If $q$ is a quadratic form on a vector space $V$ with bilinear form $f_q$ , then $f_q$ is symmetric. But $f_q$ is not necessarily positive-definite. The form $f_q$ is positive-definite (and therefore also an inner product on $V$ ) if and only if $q(\vec{x})\ge 0$ and the equality $q(\vec{x}) = 0$ holds only for $\vec{x} = \vec{0}$ .

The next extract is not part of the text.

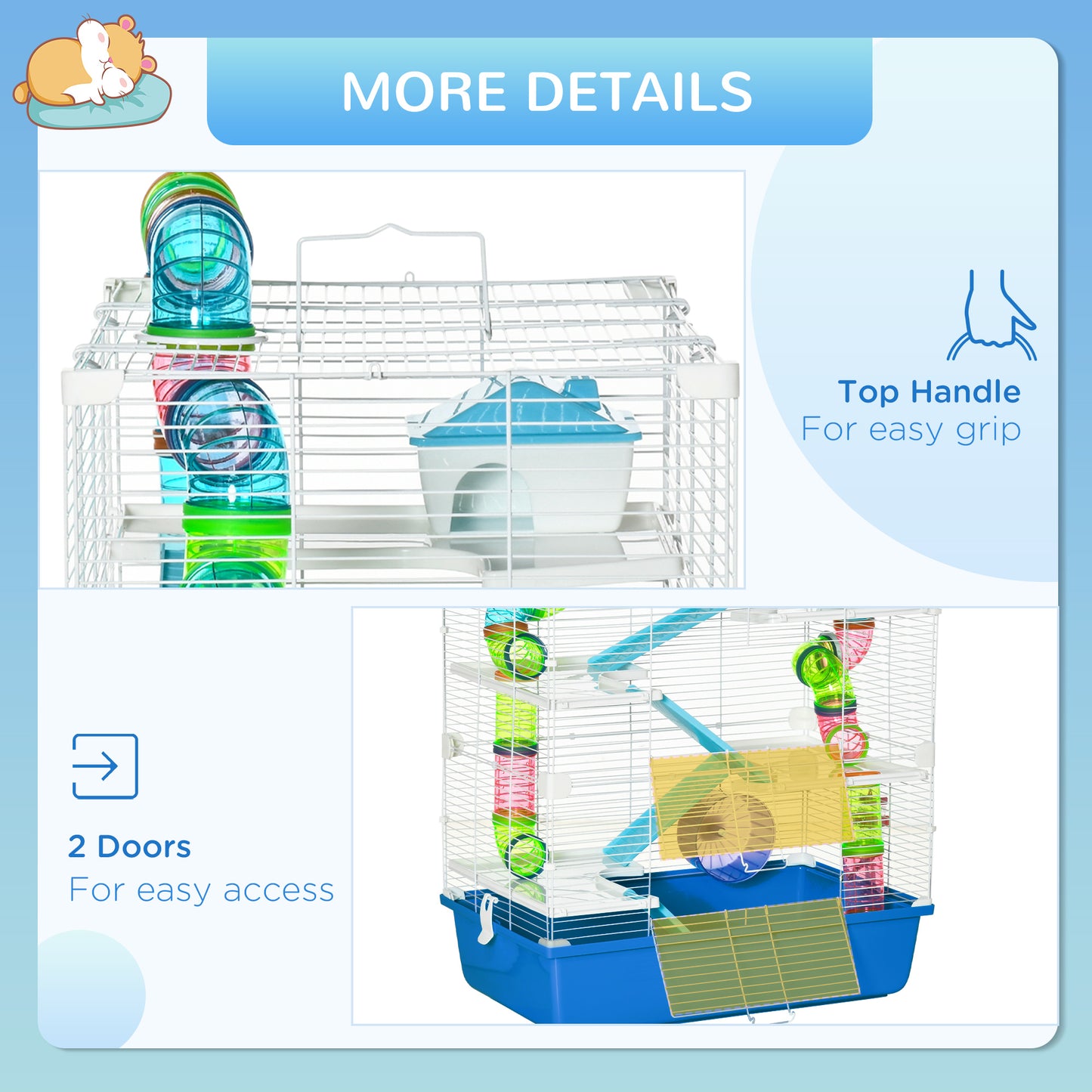 PawHut Large Hamster Cage, 5-Level Gerbil Haven, Small Rodent House, Tunnel Tube System, with Water Bottle, Exercise Wheel, Food Dish, Ramps, 59 cm x 36 cm x 69 cm, Blue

If $V = \mathbb{R}^n$ , for a vector $\vec{x} = \rv{x_1,\ldots,x_n}$ we also write $q(x_1,\ldots,x_n)$ instead of $q(\vec{x})$ . For example, $q(x,y,z) = q(\rv{x,y,z})$ for $\rv{x,y,z}\in\mathbb{R}^3$ .

The definition for complex vector spaces is the same with the understanding that the map $q$ has range $\mathbb{C}$ .

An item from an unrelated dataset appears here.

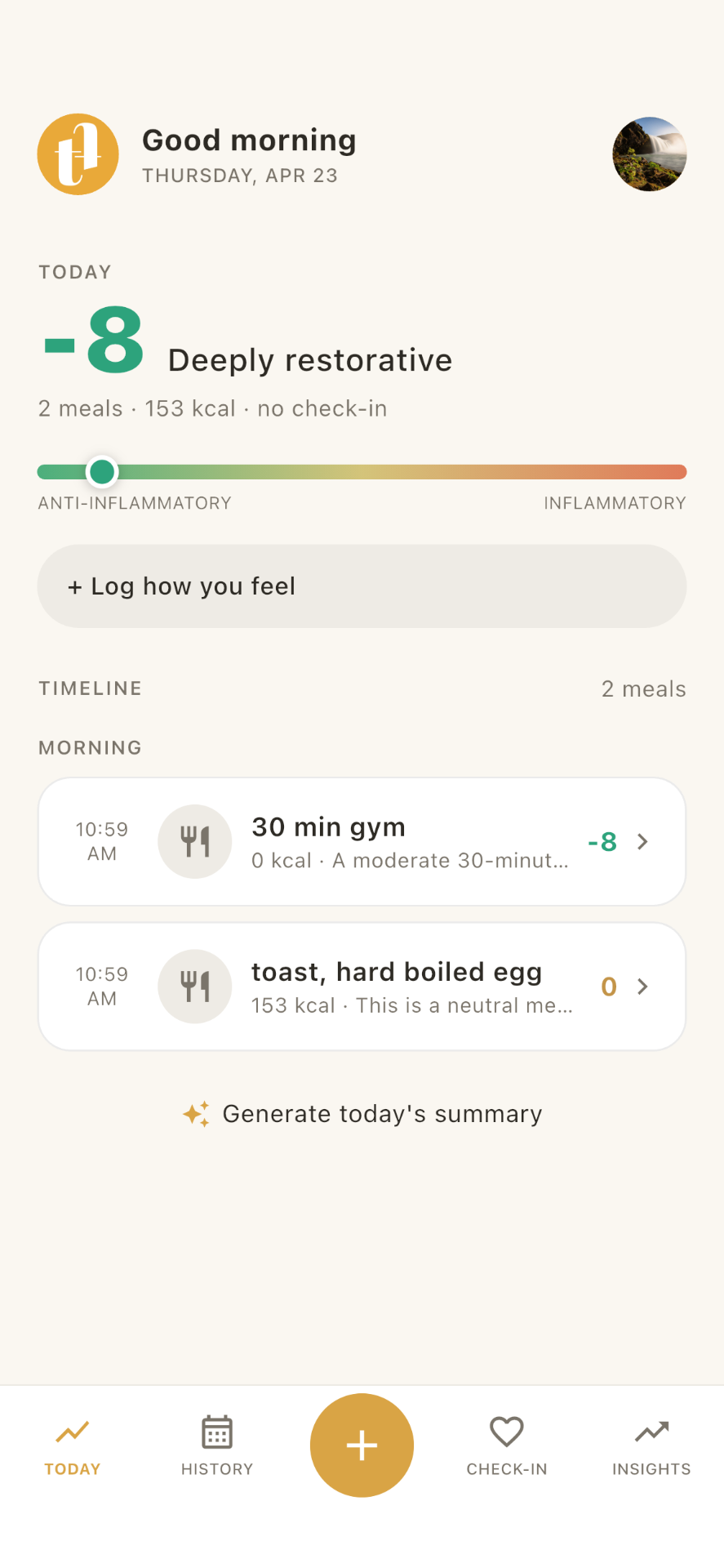 Turmeric Today screen showing a daily inflammation score of −8, deeply restorative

We will now show how the homogeneous polynomials of degree $2$ appear after a basis has been fixed. Recall from Coordinatization that, if $\alpha$ is a basis of $V$ , the map $\alpha:V\to\mathbb{R}^n$ , where $n=\dim{V}$ , assigns the coordinate vector of a vector of $V$ with respect to $\alpha$ .

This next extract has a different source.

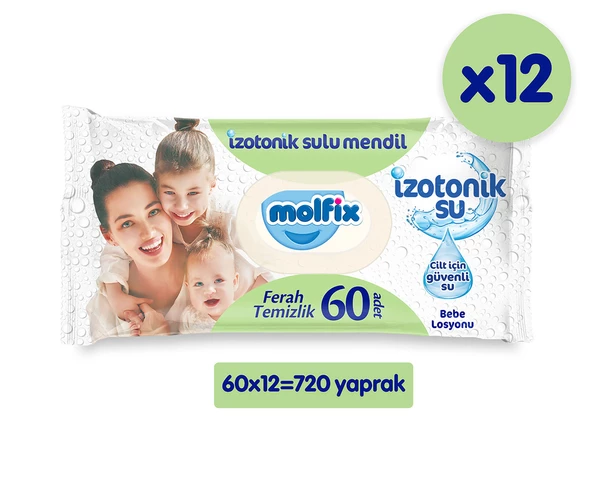 Molfix İzotonik Sulu Islak Mendil Ferah Temizlik 60'lı 12 Adet ürün görseli 1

Let $V$ be a vector space of finite dimension $n$ with basis $\alpha$ and $q$ a quadratic form on $V$ .

If $f$ is the bilinear form of $q$ , then there is a unique symmetric matrix $A$ such that, for all $\vec{u},\vec{v}\in V$ , we have $f(\vec{u},\vec{v}) =\dotprod{\alpha( \vec{u}) }{( A\,\alpha( \vec{v}))}$ We call $A$ the matrix of $q$ with respect to $\alpha$ . In particular, $q\circ\alpha^{-1}$ is of the form $q(\alpha^{-1}(\vec{x})) =\dotprod{ \vec{x} }{( A\,\vec{x})} = \sum_{i,j=1}^n a_{ij}x_i x_j\phantom{xx}\text{for }\vec{x} = \rv{x_1,\ldots,x_n}\in\mathbb{R}^n$ where $a_{ij}$ is the $(i,j)$ -entry of $A$ .
If $\beta$ is another basis of $V$ , then the matrix $B$ of $q$ with respect to $\beta$ is given by $B={}_\alpha I_{\beta}^\top\, A\,\; {}_\alpha I_{\beta}$
There exists a basis $\beta$ for $V$ such that the transformation matrix ${}_\alpha I_\beta$ is orthogonal and the matrix $B$ of $q$ with respect to $\beta$ is diagonal. In particular, $q\circ\beta^{-1}$ is of the form $q(\beta^{-1}(\vec{x})) = \sum_{i=1}^n b_ix_i^2\phantom{xx}\text{for }\rv{x_1,\ldots,x_n}\in\mathbb{R}^n$ where $b_i$ are the eigenvalues of $A$ . We call such a form a diagonal form of $q$ .
The bilinear form $f$ of $q$ is an inner product on $V$ if and only if all of the eigenvalues of $A$ are positive.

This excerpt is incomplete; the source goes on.